Blunt inspected the work in silence, with its double wall loopholed, and with extra shelters for the men who would be firing therefrom, and finally stood thinking.

“Well,” he said to the men who were watching him anxiously, “I can suggest nothing more. You have done your work admirably. So now knock off and come into the big store-room for refreshments.”

The men cheered and followed into the great place, which, minus its piles of tea-chests carried out to build the wall, looked vast; but the trestle and boards spread ready, and pretty well covered with a substantial tea by Blunt’s Chinese servants, made the place look welcome in the extreme; and upon the men being bidden to fall to, Europeans and Asiatics set to work eagerly, talking, laughing, eating, and drinking, and more resembling a strange picnic party than a number of men expecting to be engaged at any hour in a desperate fight for their lives against a savage foe.

There were only two of those present who looked moody and were silent. These were Blunt and Stan, the former washing down his food with draughts of tea as with frowning brow he cogitated over his plans; the latter, now that the excitement of preparation was over, feeling a strange sense of sinking which the bread and tea did not remove. He wanted to preserve his firmness and show Blunt that he was no coward, but there was what seemed to be a dark mental cloud ahead, and in spite of every attempt to pierce it, there it hung ominously like a portent of what was to come, and as if fate was kindly hiding from him the horrors in store.

Stan set his teeth hard and made a tremendous effort at last.

“I must eat,” he said to himself, “or I shall be as weak as a child, and I must drink to quench this horrible feeling of delirious thirst. Oh, I wish I wasn’t such a weak coward! I’m sure no other fellows of my age can be like me.”

Forcing himself then, he began to eat and drink hurriedly, all the while recalling old school fights into which he had entered with fear and trembling, but without recalling how he had come out.

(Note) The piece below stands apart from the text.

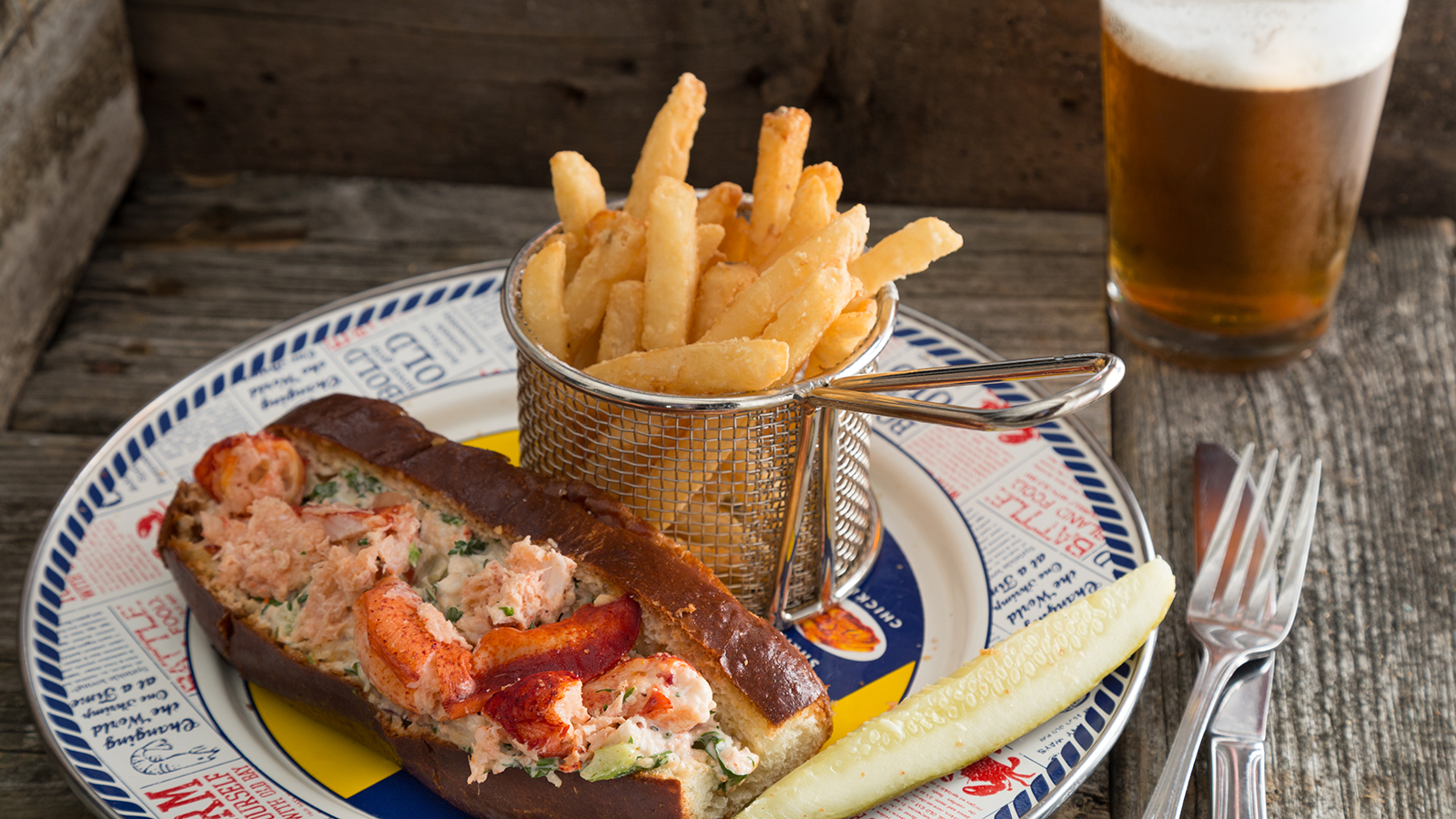 a plate of food with a glass of beer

Then all that he had read of Chinese horrors, and the indifference of these people to life, came floating before his eyes—anecdotes that he had read of their atrocities and savage treatment of their enemies—there they all were, till, instead of seeing any longer that black, cloud-like curtain, the lad now seemed to be seeing red, and he started violently when his companion brought him to himself by suddenly rising and blowing his silver whistle. Then in the silence that immediately ensued Blunt explained his plans to his listeners, and had his words well interpreted to such of the Chinese workers as were not perfect in their knowledge of English.

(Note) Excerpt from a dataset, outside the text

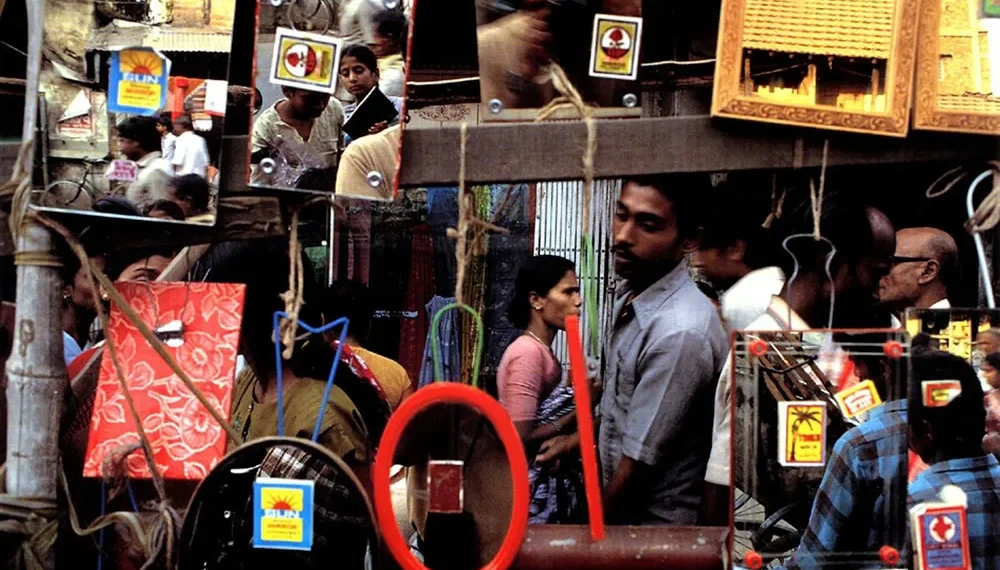 Street scene reflected in hanging mirrors at a busy market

Blunt spoke briefly, but every word of his instructions was to the point, and the listeners rose from their rough benches at last well drilled in their duties as to the places they were to occupy, the Europeans finding a leader to reply and declare how to a man they would fight to the death; while, when the manager had done, the head of the Chinamen rose and declared that his comrades thoroughly hated all pirates and murderers, and that to a man they too would fight for the good, just master who always behaved to his men as if he were their father.

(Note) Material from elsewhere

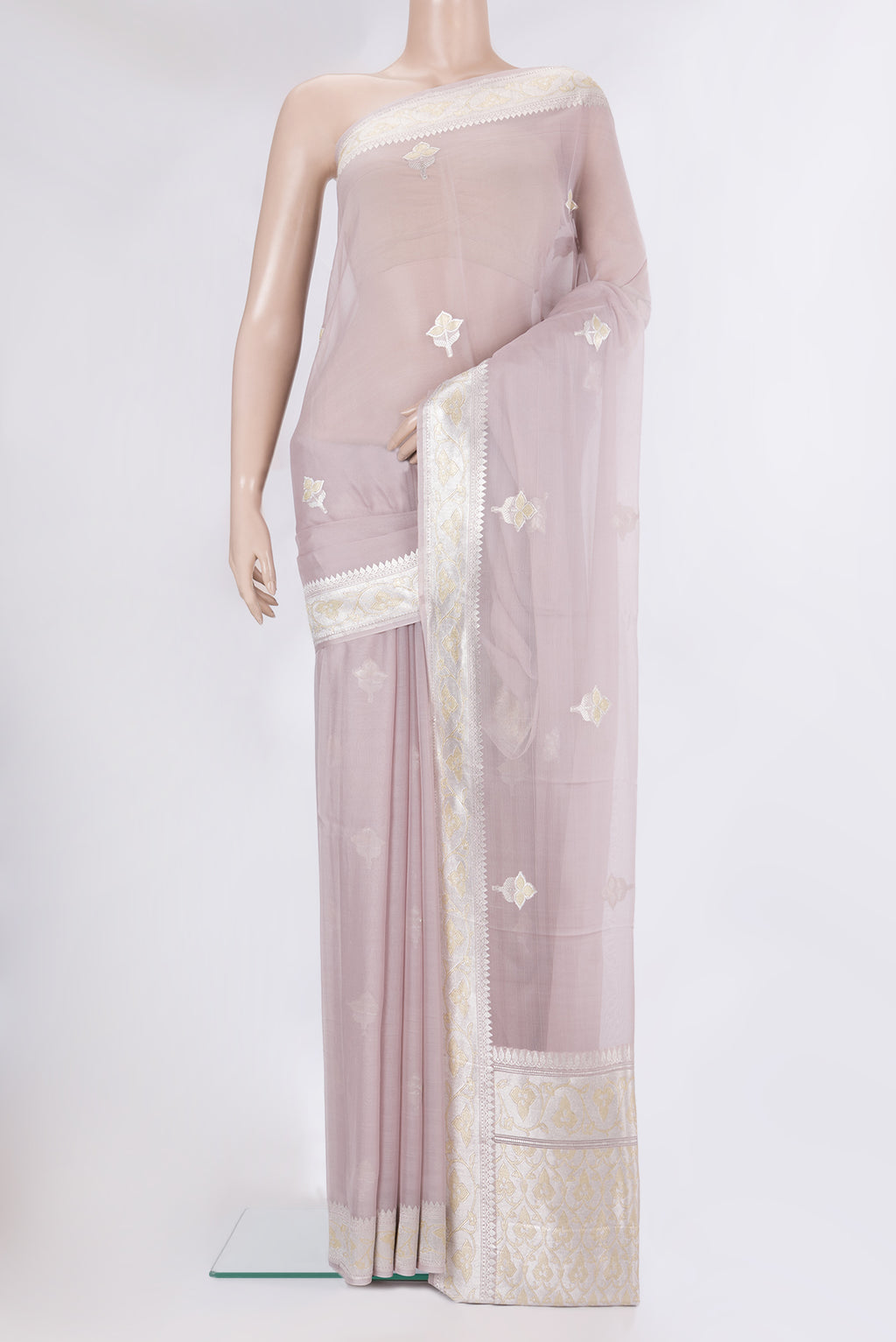 Rose Gold Banarasi Georgette Saree with Zari Butta on the body and Zari Border.  displayed on a mannequin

Blunt smiled and nodded, and then said a few words to the leader about his comrades having rifles. But these were declined, the Chinaman declaring that he and his fellows could do more good with their long knives and hatchets when the enemy came to close quarters; and this he said, as Stan noticed, with a fierce glow in his eyes which proclaimed that, in spite of the speaker being as a rule a mild-spoken, peaceful carpenter, there was Chinese Asiatic savage instinct beneath the skin—showing, too, that he and his fellows were going to prove themselves dangerous foes to the bloodthirsty enemy when they approached.